What to produce:
What is needed is an exact copy of the listing, with no pictures in it.
---------- Exercise data ----------
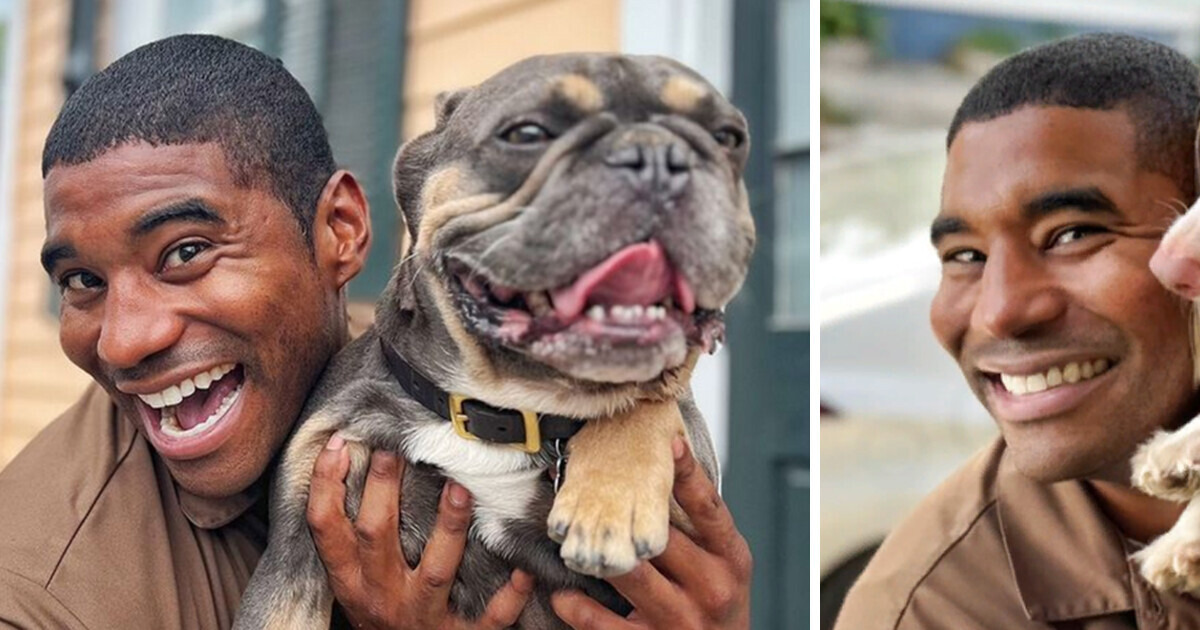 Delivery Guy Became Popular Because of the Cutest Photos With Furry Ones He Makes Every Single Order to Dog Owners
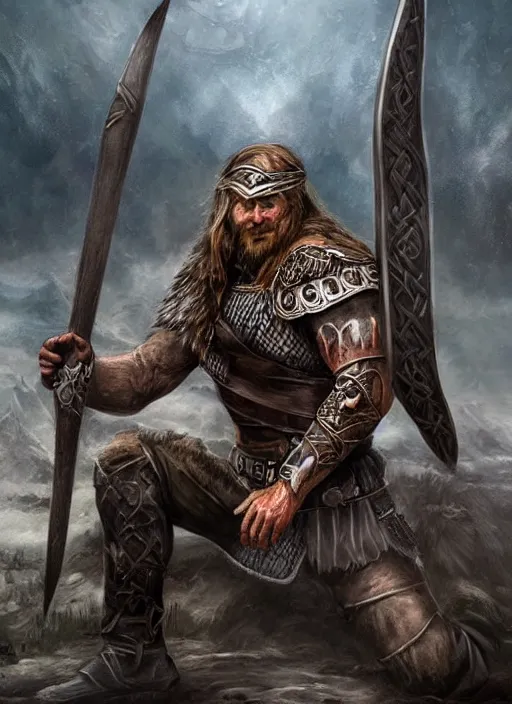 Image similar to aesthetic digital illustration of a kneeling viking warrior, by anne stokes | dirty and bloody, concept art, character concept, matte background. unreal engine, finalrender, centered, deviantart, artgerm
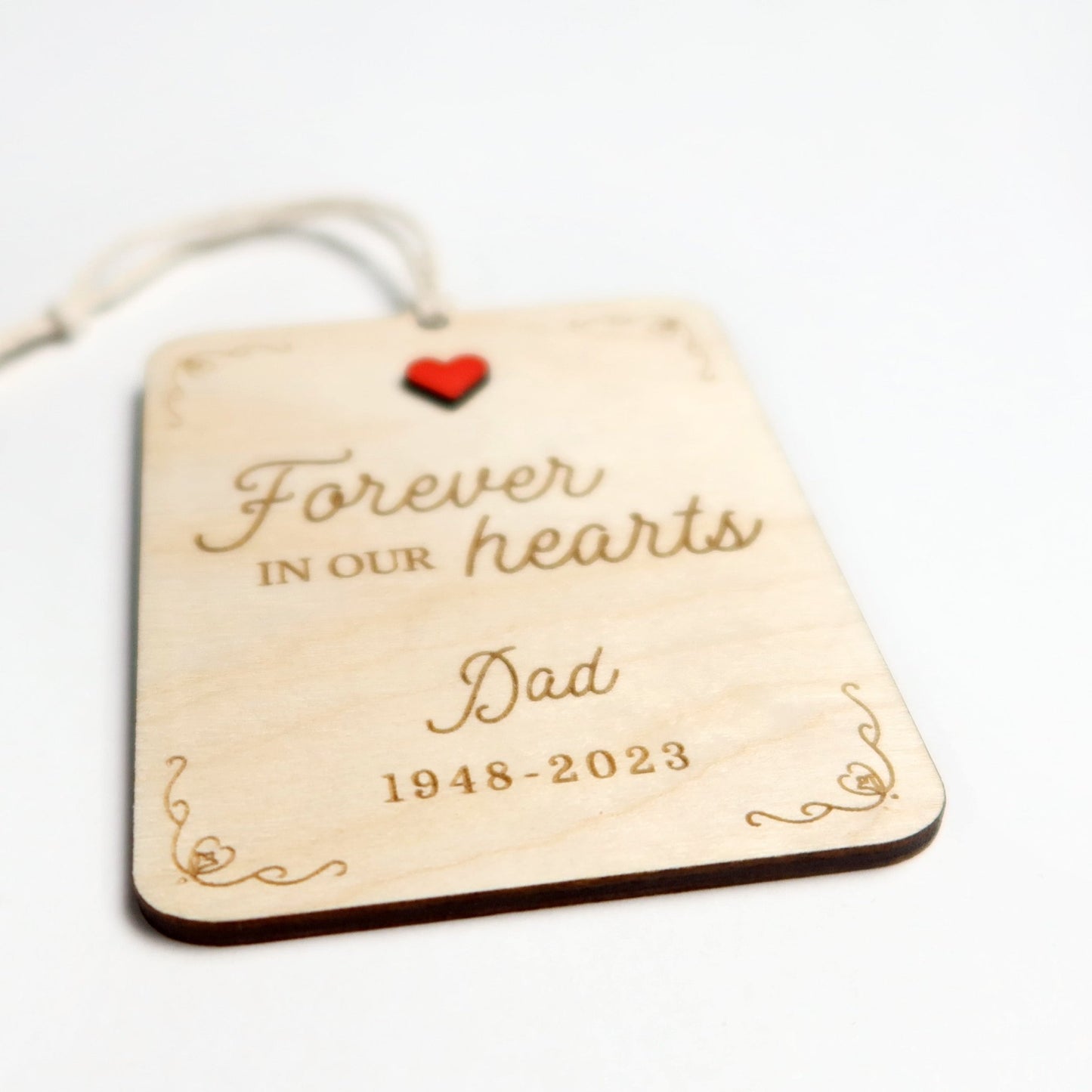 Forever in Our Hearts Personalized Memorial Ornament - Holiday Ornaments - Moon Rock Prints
----------
Exercise response:
 Delivery Guy Became Popular Because of the Cutest Photos With Furry Ones He Makes Every Single Order to Dog Owners
 Image similar to aesthetic digital illustration of a kneeling viking warrior, by anne stokes | dirty and bloody, concept art, character concept, matte background. unreal engine, finalrender, centered, deviantart, artgerm
 Forever in Our Hearts Personalized Memorial Ornament - Holiday Ornaments - Moon Rock Prints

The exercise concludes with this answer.